Search code examples
rdataframetextshinytextinput

Manipulating textInput in R Shiny


I am relatively new to R and even more new to Shiny (literally first day).

I would like a user to input multiple phrases separated by a comma such as female, aged, diabetes mellitus. I have a dataframe in which one variable, MH2 contains text words. I would like to output a dataframe that contains only the rows in which all of the inputted phrases are present. Sometimes a user may input only one phrase, other times 5.

This is my ui.R

library(shiny)
library(stringr)

# load dataset
load(file = "./data/all_cardiovascular_case_reports.Rdata")

ui <- fluidPage(
  sidebarLayout(
    sidebarPanel(
      textInput(inputId = "phrases", 
                label = "Please enter all the MeSH terms that you would like to search, each separated by a comma:",
                value = ""),

      helpText("Example: female, aged, diabetes mellitus")

    ),
    mainPanel(DT::dataTableOutput("dataframe"))
  )
)

and here is my server.R

library(shiny)

server <- function(input, output)
{
  # where all the code will go
    df <- reactive({

      # counts how many phrases there are
      num_phrases <- str_count(input$phrases, pattern = ", ") + 1

      a <- numeric(num_phrases) # initialize vector to hold all phrases

      # create vector of all entered phrases
      for (i in 1:num_phrases)
      {
        a[i] <- noquote(strsplit(input$phrases, ", ")[[i]][1])
      }

      # make all phrases lowercase
      a <- tolower(a)

      # do exact case match so that each phrase is bound by "\\b"
      a <- paste0("\\b", a, sep = "")
      exact <- "\\b"
      a <- paste0(a, exact, sep = "")

      # subset dataframe over and over again until all phrases used
      for (i in 1:num_phrases)
      {
        final <- final[grepl(pattern = a, x = final$MH2, ignore.case = TRUE), ]
      }

      return(final)
    })

    output$dataframe <- DT::renderDataTable({df()})
}

When I tried running renderText({num_phrases}) I consistently got 1 even when I would input multiple phrases separated by commas. Since then, whenever I try to input multiple phrases, I run into "error: subscript out of bounds." However, when I enter the words separated by a comma only versus a comma and space (entering "female,aged" instead of "female, aged") then that problem disappears, but my dataframe doesn't subset correctly. It can only subset one phrase.

Please advise.

Thanks.


Solution

  • I think your Shiny logic looks good, but the function for subsetting the dataframe has a few small issues. In particular:

    a[i] <- noquote(strsplit(input$phrases, ", ")[[i]][1])
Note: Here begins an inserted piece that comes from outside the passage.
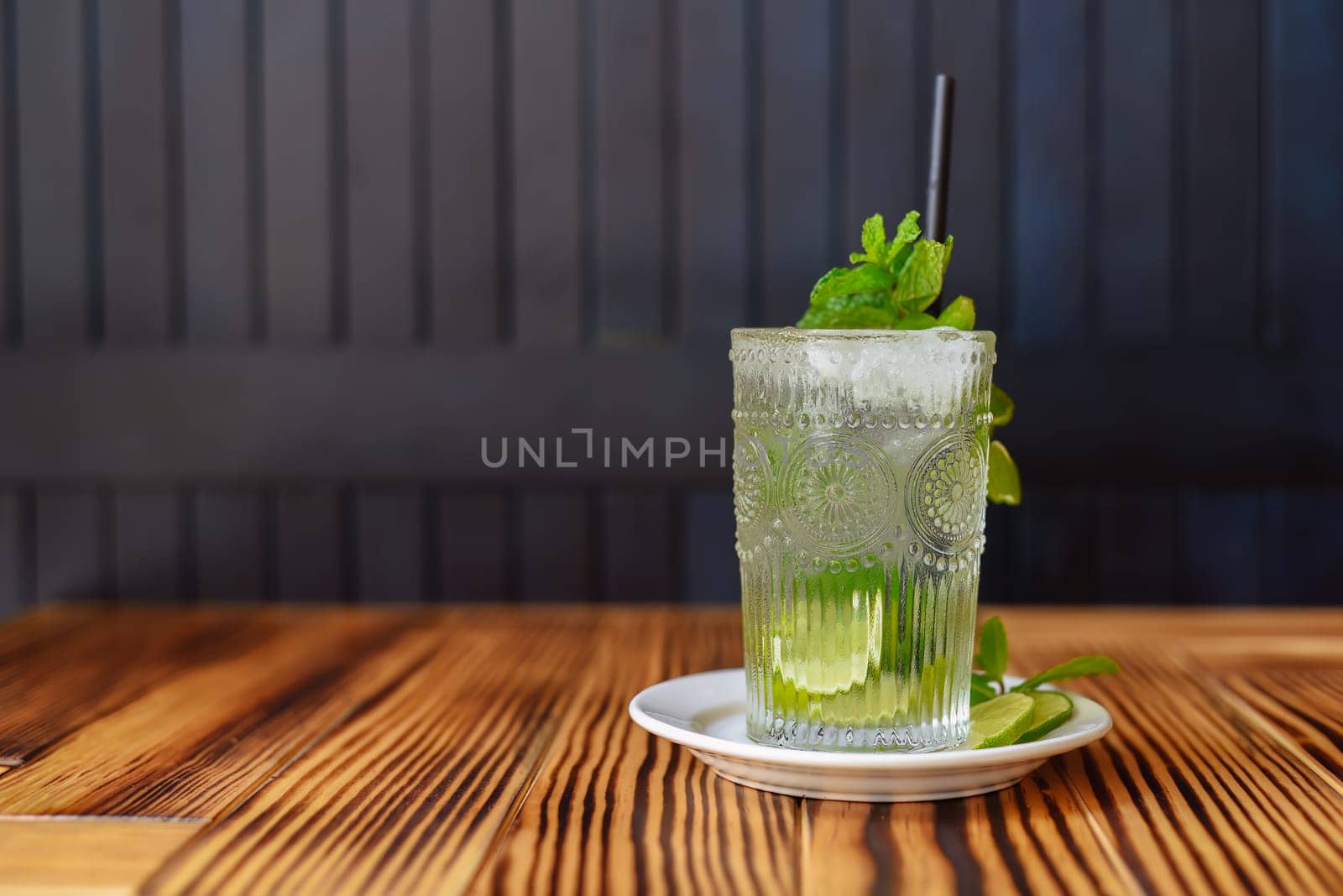 Alcohol cocktail Mojito on wooden table against dark wall with copy space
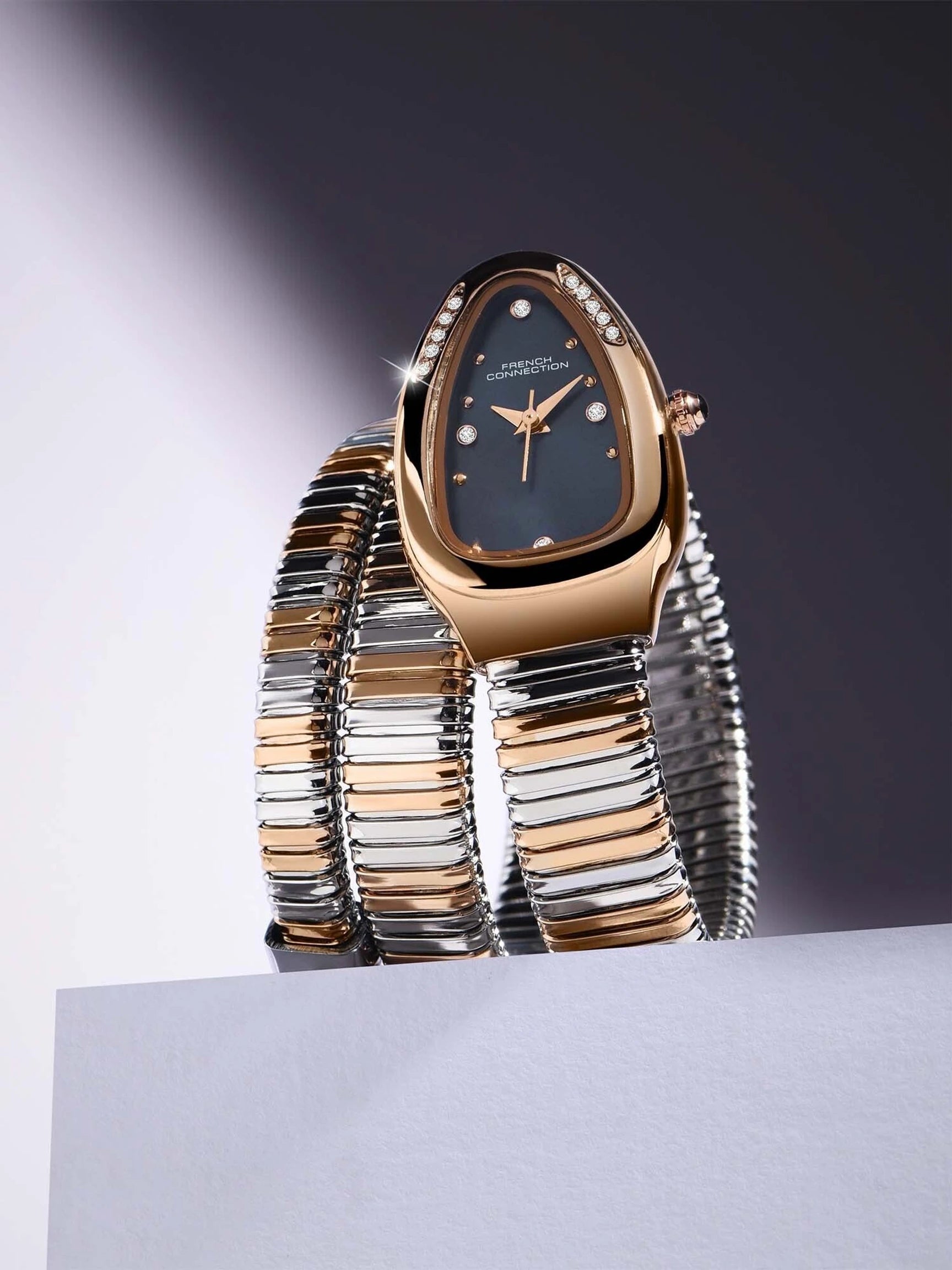 French Connection The Mystic Curve Women's Rose Gold Watch | Rhinestones Blue Sunray Dial Analog Watch – For Women FCN0110URTM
    The indices [[i]] and 1 are in the wrong place here, should be [[1]][i]

    final <- final[grepl(pattern = a, x = final$MH2, ignore.case = TRUE), ]
    

    You can not match multiple patterns like this, only the first element of a will be used, which is also the warning R gives.


    Example working code

    I have changed input$phrases to inp_phrases here. If this script does what you want I think you can easily copy it into you reactive, making the necessary changes (i.e. changing inp_phrases back, and adding the return(result) statement.). I was also not entirely clear if you wanted all patterns to be matched within one row, or return all rows were any of the patterns were matched, so I added them both, you can uncomment the one you need:

    library(stringr)
    
    # some example data
    inp_phrases = "ab, cd"
    final = data.frame(index = c(1,2,3,4),MH2 = c("ab cd ef","ab ef","cd ef ab","ef gx"),stringsAsFactors = F)
    
    # this could become just two lines:
    a <- sapply(strsplit(inp_phrases, ", ")[[1]],  function(x) tolower(noquote(x)))
    a <- paste0("\\b", a, "\\b") 
    
    # Two options here, uncomment the one you need.
    # Top one: match any pattern in a. Bottom: match all patterns in a
    # indices = grepl(pattern = paste(a,collapse="|"), x = final$MH2, ignore.case = TRUE)
    indices = colSums(do.call(rbind,lapply(a, function(x) grepl(pattern = x, x = final$MH2, ignore.case = TRUE))))==length(a)
    
    result <- final[indices,]
    

    Returns:

      index      MH2
    1     1 ab cd ef
    3     3 cd ef ab
    

    ... with the second version of indices (match all) or

      index      MH2
    1     1 ab cd ef
    2     2    ab ef
    3     3 cd ef ab
    

    ... with the first version of indices (match any)

    Hope this helps!